Хайбой все еще был неспокоен; если его сейчас придержать, то он просто будет горячиться без толку, а так как ночь была прохладная, он первую милю пустил его во весь опор и ехал, не теряя из виду задних огней пикапа. Затем он сбавил ход — огни стали удаляться, слабеть и вскоре исчезли за поворотом.

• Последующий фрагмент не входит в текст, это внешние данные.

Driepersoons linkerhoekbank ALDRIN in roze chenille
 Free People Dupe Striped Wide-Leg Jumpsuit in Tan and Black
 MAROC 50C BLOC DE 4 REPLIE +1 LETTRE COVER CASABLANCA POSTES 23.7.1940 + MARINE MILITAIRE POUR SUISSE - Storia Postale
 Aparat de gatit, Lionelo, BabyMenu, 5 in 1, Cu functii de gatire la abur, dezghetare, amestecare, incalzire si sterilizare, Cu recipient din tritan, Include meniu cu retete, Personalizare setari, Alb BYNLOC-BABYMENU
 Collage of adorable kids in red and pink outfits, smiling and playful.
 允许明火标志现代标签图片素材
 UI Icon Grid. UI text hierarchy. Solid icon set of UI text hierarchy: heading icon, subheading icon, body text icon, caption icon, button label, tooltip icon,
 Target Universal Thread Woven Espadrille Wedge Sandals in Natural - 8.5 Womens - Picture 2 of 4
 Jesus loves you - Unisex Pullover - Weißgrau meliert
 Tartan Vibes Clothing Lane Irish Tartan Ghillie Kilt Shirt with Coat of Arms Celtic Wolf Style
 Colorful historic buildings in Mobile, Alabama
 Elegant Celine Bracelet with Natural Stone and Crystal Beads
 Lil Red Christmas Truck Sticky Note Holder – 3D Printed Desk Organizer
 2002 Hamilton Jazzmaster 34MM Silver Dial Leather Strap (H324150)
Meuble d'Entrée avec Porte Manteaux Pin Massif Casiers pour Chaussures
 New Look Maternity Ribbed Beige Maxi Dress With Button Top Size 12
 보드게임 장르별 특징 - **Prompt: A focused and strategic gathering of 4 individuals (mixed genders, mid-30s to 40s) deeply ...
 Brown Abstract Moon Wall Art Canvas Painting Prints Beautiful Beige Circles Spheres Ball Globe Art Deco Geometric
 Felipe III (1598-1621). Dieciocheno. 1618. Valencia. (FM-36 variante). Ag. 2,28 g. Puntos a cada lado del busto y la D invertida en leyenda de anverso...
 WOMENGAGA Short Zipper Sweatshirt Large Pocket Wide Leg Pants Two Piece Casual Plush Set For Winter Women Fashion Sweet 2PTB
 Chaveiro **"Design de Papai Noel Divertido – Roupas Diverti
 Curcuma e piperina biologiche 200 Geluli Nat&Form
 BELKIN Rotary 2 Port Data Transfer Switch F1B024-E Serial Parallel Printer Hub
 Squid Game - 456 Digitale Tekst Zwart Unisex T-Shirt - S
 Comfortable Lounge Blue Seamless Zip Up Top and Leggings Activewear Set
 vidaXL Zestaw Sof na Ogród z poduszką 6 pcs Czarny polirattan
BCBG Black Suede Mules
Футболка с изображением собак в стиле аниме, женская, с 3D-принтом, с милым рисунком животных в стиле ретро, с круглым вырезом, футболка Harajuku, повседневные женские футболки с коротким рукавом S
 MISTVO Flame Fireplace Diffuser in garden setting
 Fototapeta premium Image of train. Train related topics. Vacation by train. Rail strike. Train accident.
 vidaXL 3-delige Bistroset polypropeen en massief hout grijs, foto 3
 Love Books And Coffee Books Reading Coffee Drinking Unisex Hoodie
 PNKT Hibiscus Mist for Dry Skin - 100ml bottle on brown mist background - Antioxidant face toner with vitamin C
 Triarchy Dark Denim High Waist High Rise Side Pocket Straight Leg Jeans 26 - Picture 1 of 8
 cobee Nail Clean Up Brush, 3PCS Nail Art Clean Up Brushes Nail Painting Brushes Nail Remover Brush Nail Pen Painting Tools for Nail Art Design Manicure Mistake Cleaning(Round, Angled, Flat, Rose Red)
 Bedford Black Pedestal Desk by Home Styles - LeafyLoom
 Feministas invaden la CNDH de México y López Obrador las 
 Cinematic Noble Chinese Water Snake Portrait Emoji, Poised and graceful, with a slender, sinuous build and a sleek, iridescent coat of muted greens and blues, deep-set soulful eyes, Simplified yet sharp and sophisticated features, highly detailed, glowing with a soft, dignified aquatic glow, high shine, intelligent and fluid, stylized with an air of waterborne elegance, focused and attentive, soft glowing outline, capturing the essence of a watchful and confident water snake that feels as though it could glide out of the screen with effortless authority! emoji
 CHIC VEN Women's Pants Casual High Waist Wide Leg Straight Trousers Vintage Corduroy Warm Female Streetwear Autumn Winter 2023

Тогда он пустил Хайбоя тем шаркающим аллюром, полурысью-полушагом, который на бегах не удовлетворил бы ни одного судью, хотя и пожирал расстояние; ехать надо было девять миль, и он с каким-то угрюмым изумлением подумал, что наконец-то у него есть время подумать, только теперь уже поздно думать, никто из них троих сейчас и не смеет думать, и если им хоть что-то удалось сегодня, так это отбросить раз навсегда, оставить позади всякие размышления, рассуждения, рассмотрения; только пять миль отъехать от города, и он переедет (а мисс Хэбершем с Алеком Сэндером в машине уже переехали) невидимую землемерную черту — границу Четвертого участка, знаменитого, почти легендарного; и уж что-что, но, конечно, думать сейчас не решится никто из них, зная, как заехавшему сюда чужому человеку ничего не стоит попасть впросак и восстановить против себя Четвертый участок сразу двумя вещами, потому что Четвертый участок уже заранее восставал чуть ли не против всего, на что осмеливались приезжие из города (и если уж на то пошло, то и из любой части округа); и вот им-то — шестнадцатилетнему белому юнцу, и негру, подростку одних с ним лет, и белой старой женщине, семидесятилетней деве, — и выпало на долю из всего того, что можно придумать, изобрести, выбрать и совершить, сразу два самых страшных дела, за которые Четвертый участок потребует жесточайшей расплаты: вскрыть могилу одного из их родичей, чтобы спасти от возмездия негра-убийцу.